EXERCISE PROMPT: Using the data below, print exactly the line with "Chicken baked with", the line with "Hand holding invisalign retainer", and every line between them, but none of the pictures.

DATA EXCERPTS:
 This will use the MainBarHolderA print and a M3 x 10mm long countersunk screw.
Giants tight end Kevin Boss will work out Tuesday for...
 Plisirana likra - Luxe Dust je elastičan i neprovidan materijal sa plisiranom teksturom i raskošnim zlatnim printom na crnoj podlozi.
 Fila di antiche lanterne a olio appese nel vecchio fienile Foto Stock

* * *

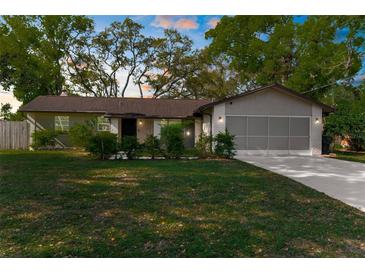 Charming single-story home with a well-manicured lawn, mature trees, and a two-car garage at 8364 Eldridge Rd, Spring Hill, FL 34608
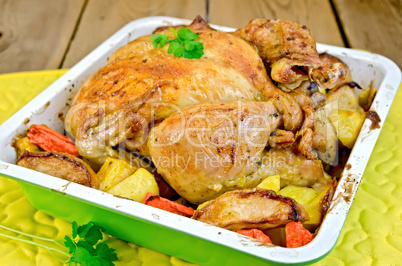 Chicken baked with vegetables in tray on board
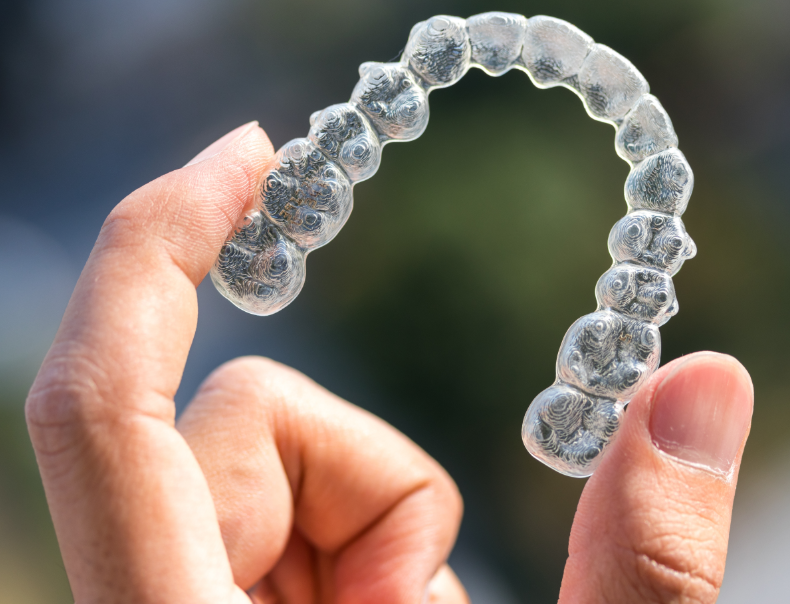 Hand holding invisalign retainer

...

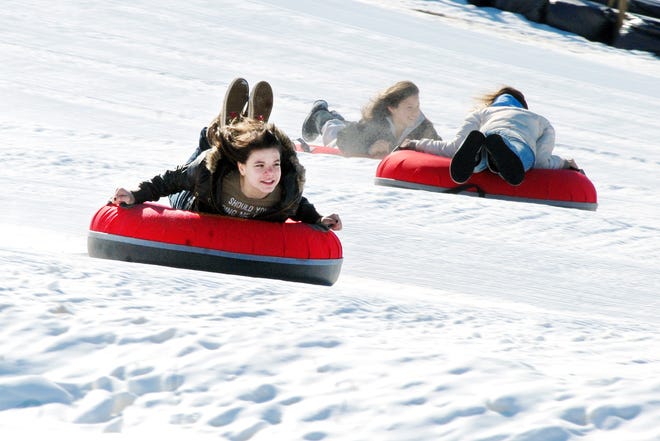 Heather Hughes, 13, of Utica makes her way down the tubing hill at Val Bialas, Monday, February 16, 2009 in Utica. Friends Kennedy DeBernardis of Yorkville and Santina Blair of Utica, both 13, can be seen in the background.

OUTPUT FOR THIS TASK:
 Chicken baked with vegetables in tray on board
 Hand holding invisalign retainer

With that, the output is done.